Every record here must be copied exactly, except for the images it holds.
RECORD SET START
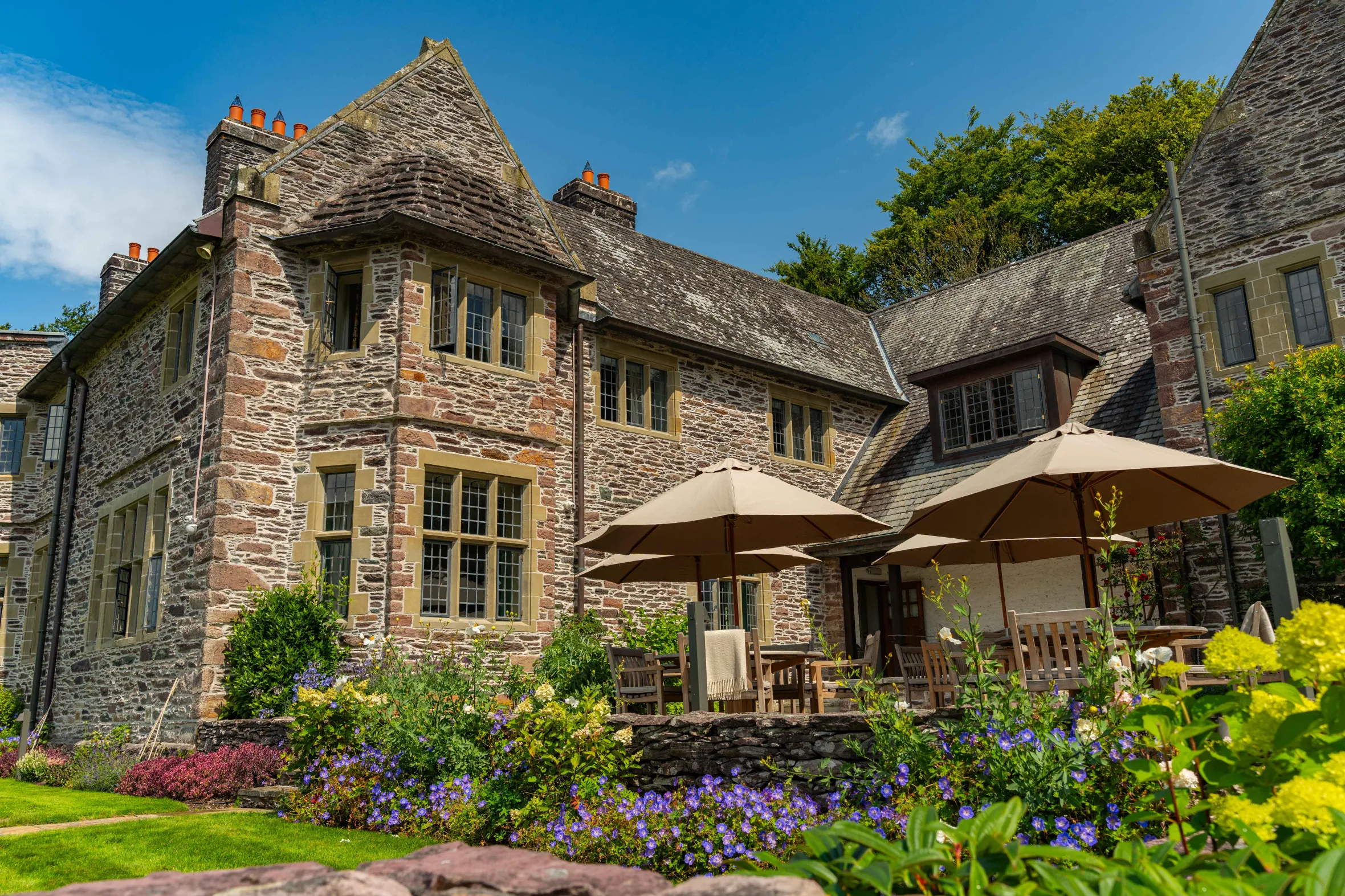 NINTCHDBPICT001070660772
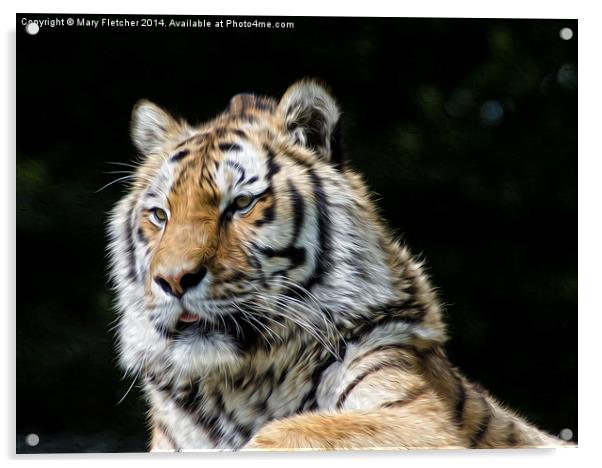 Tiger, Tiger Acrylic by Mary Fletcher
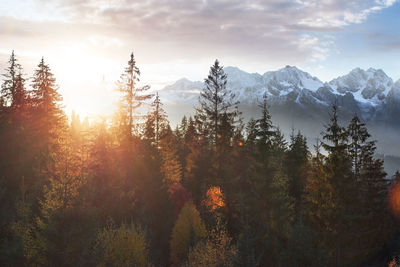 Majestic landscape with forest at spring time. scenery background.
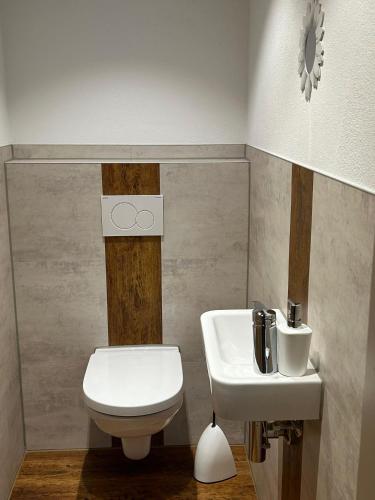 a bathroom with a toilet and a sink at Allgaeuer-Landhaus-Stocker in Hopferau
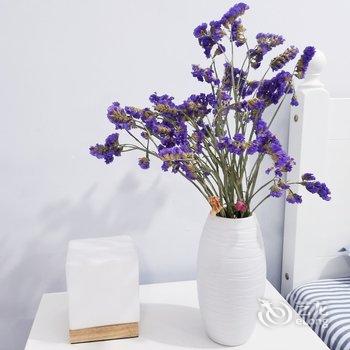 古韵小屋公寓(西安冉家村店)酒店提供图片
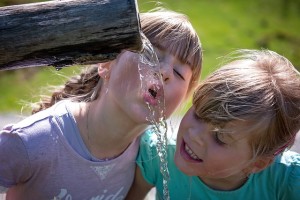 drinking water from fountain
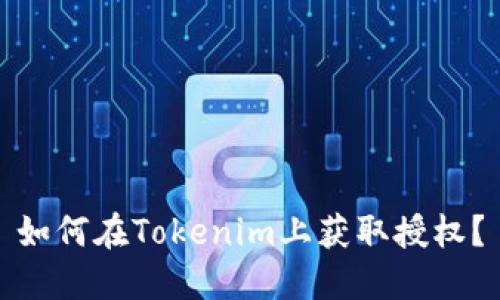 如何在Tokenim上获取授权？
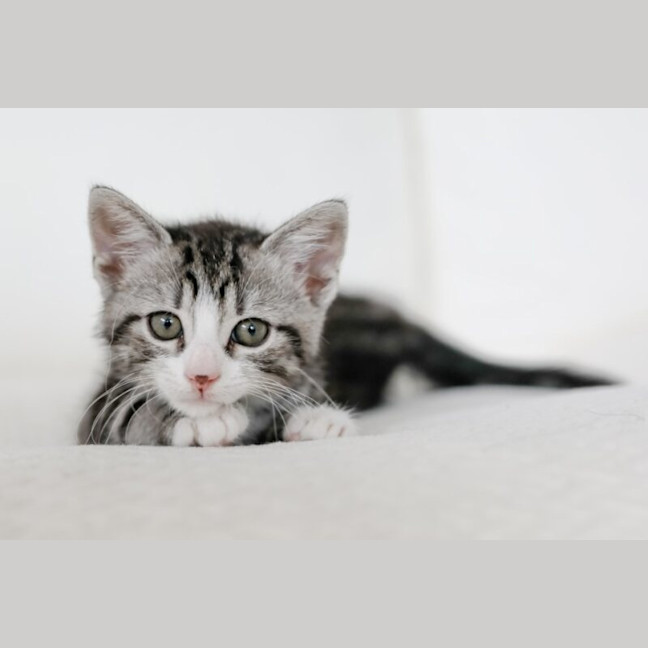 Photo of Jasper
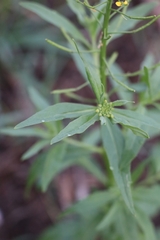 Erysimum cheiranthoides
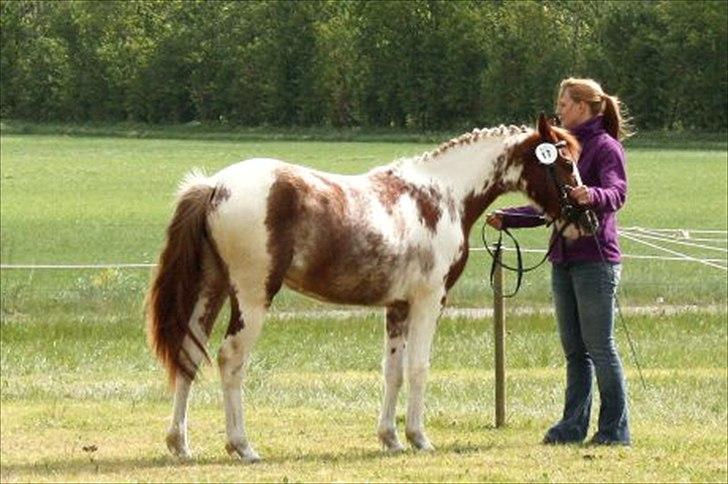 Anden særlig race Color Spay Højgård - Til dyrskue på Gl. Esturp 2010 billede 3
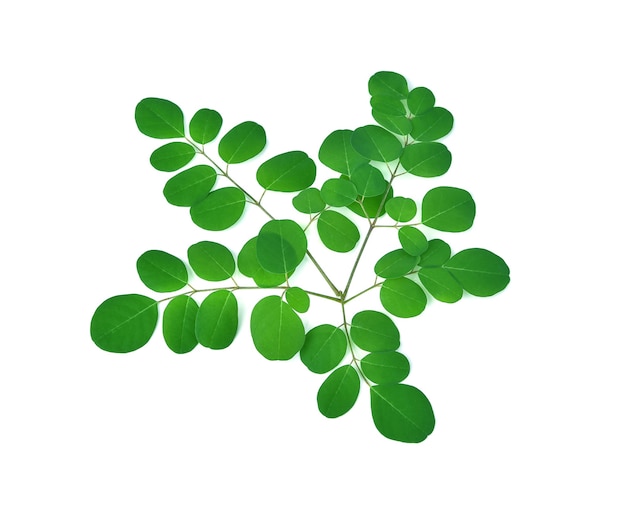 Moringa leaves have medicinal properties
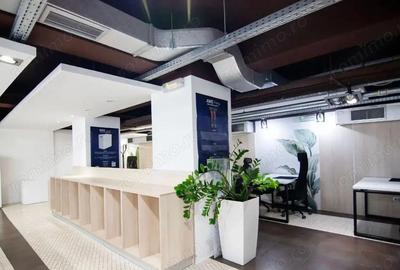 Spațiu comercial, de 715 mp, în Kiseleff - 10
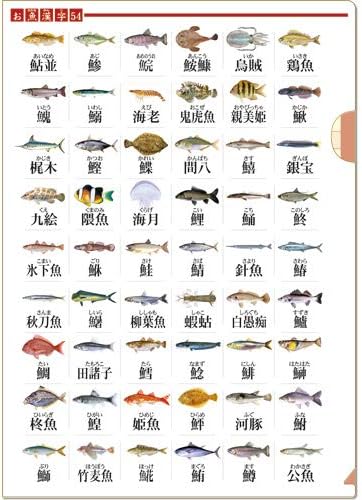 Amazon ザ アクセス 海 魚 図鑑 クリアファイル お魚漢字 大全シリーズ 生物 動物 人体 おもちゃ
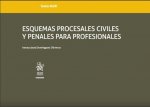 Esquemas procesales civiles y penales para profesionales. Tomo XLVII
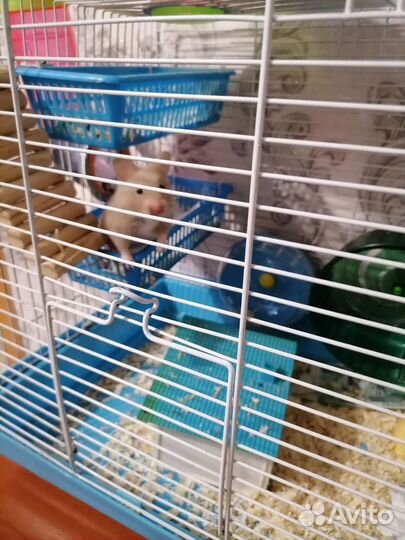 Хомяк с клеткой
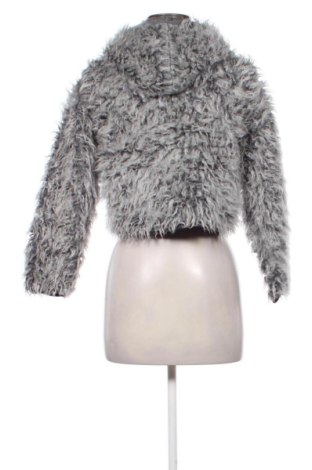 Damenjacke Clockhouse, Größe S, Farbe Grau, Preis 25,00 €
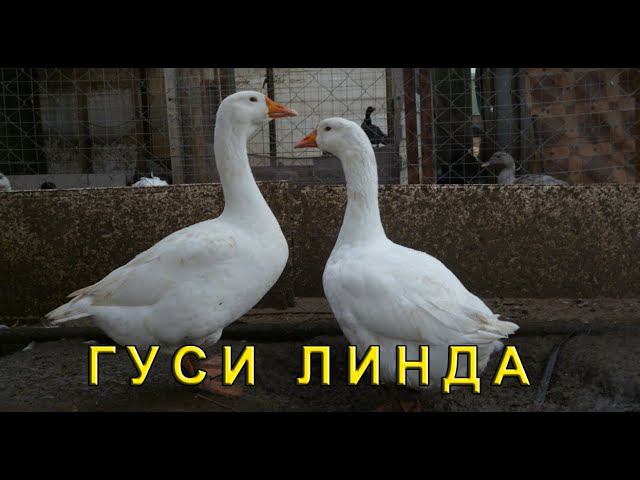 ГУСИ взвешивание. Выгодно ли держать гусей? смотреть онлайн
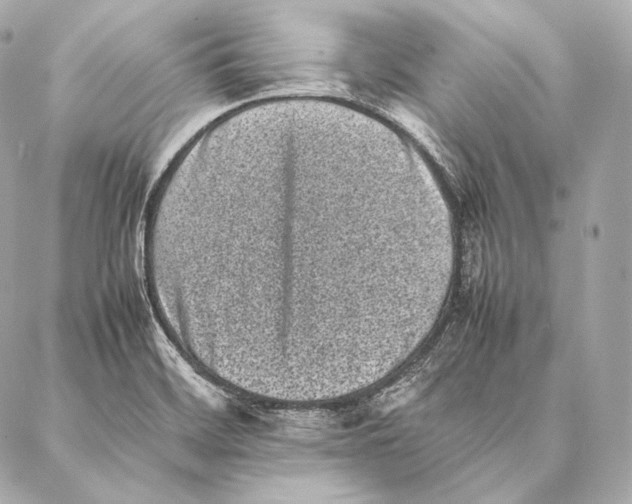 X0000086971468200705141638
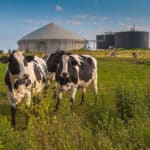 biometan z hodowli krów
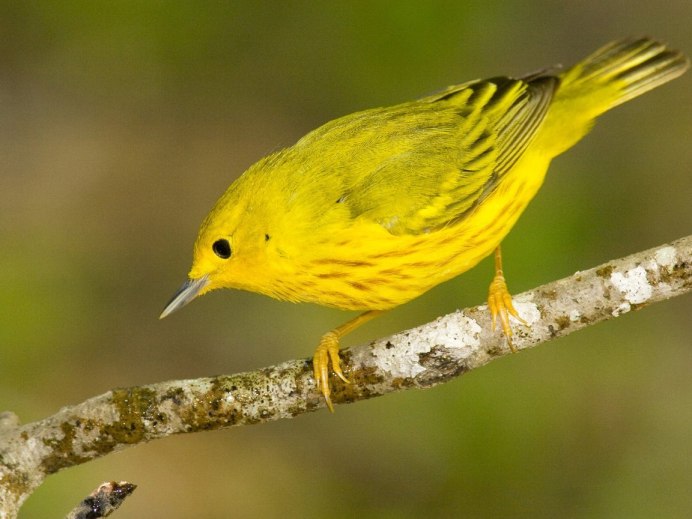 Канарейка и Зяблик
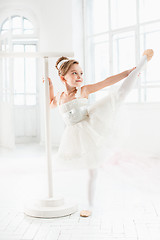 Image showing Little ballerina girl in a tutu. Adorable child dancing classical ballet in a white studio.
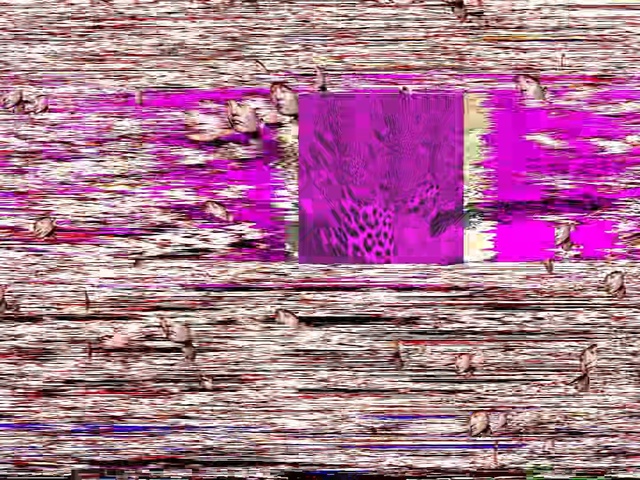 Video Reference: Purple, Pink, Violet, Lavender, Magenta, Water, Pattern, Reflection, Illustration, Art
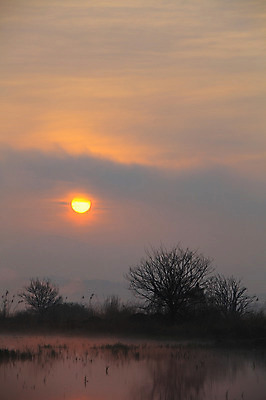 포토 JPG 주간 나무 식물 구름 실루엣 호수 자연 하늘 한국 풍경 사람없음 야외 강 태양 일출 노을 일몰 풀 습지 뭉게구름 경상남도 우포늪 창녕 국내포토 자연요소 아시아 촬영기법 경상도 생태계 파일형식 구름_자연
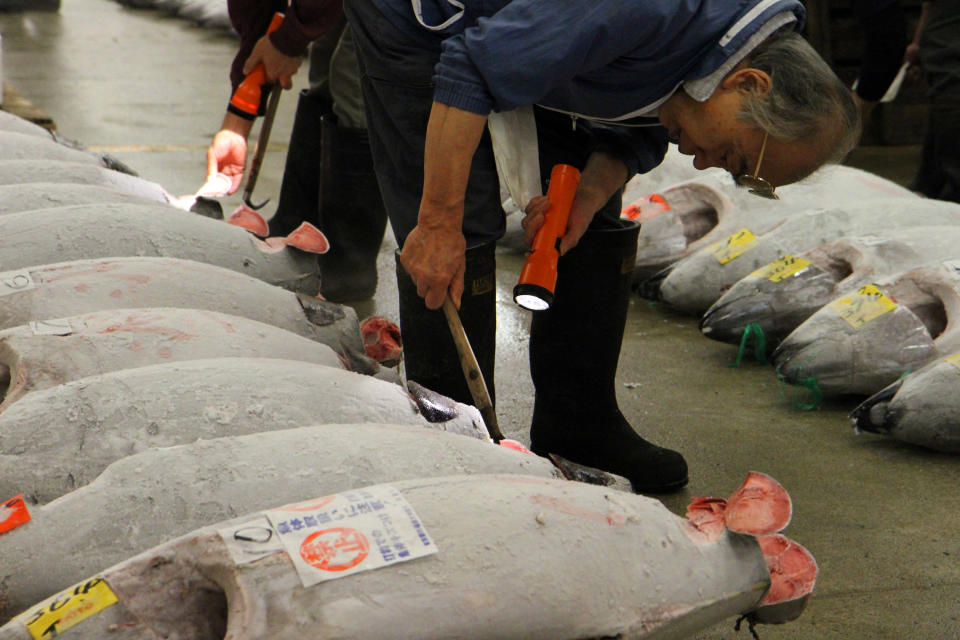 This Oct. 15, 2012 photo shows whole tunas being inspected at the Tsukiji fish market in Tokyo. Tsukiji is the biggest fish market in the world, and tourists willing to line up well before dawn can view the rapid-fire auctions where the giant fish are sold. (AP Photo/Fritz Faerber)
RECORD SET END
EXERCISE ANSWER:
 NINTCHDBPICT001070660772
 Tiger, Tiger Acrylic by Mary Fletcher
 Majestic landscape with forest at spring time. scenery background.
 a bathroom with a toilet and a sink at Allgaeuer-Landhaus-Stocker in Hopferau
 古韵小屋公寓(西安冉家村店)酒店提供图片
 drinking water from fountain
 如何在Tokenim上获取授权？
 Photo of Jasper
 Erysimum cheiranthoides
 Anden særlig race Color Spay Højgård - Til dyrskue på Gl. Esturp 2010 billede 3
 Moringa leaves have medicinal properties
 Spațiu comercial, de 715 mp, în Kiseleff - 10
 Amazon ザ アクセス 海 魚 図鑑 クリアファイル お魚漢字 大全シリーズ 生物 動物 人体 おもちゃ
 Esquemas procesales civiles y penales para profesionales. Tomo XLVII
 Хомяк с клеткой
 Damenjacke Clockhouse, Größe S, Farbe Grau, Preis 25,00 €
 ГУСИ взвешивание. Выгодно ли держать гусей? смотреть онлайн
 X0000086971468200705141638
 biometan z hodowli krów
 Канарейка и Зяблик
 Image showing Little ballerina girl in a tutu. Adorable child dancing classical ballet in a white studio.
 Video Reference: Purple, Pink, Violet, Lavender, Magenta, Water, Pattern, Reflection, Illustration, Art
 포토 JPG 주간 나무 식물 구름 실루엣 호수 자연 하늘 한국 풍경 사람없음 야외 강 태양 일출 노을 일몰 풀 습지 뭉게구름 경상남도 우포늪 창녕 국내포토 자연요소 아시아 촬영기법 경상도 생태계 파일형식 구름_자연
 This Oct. 15, 2012 photo shows whole tunas being inspected at the Tsukiji fish market in Tokyo. Tsukiji is the biggest fish market in the world, and tourists willing to line up well before dawn can view the rapid-fire auctions where the giant fish are sold. (AP Photo/Fritz Faerber)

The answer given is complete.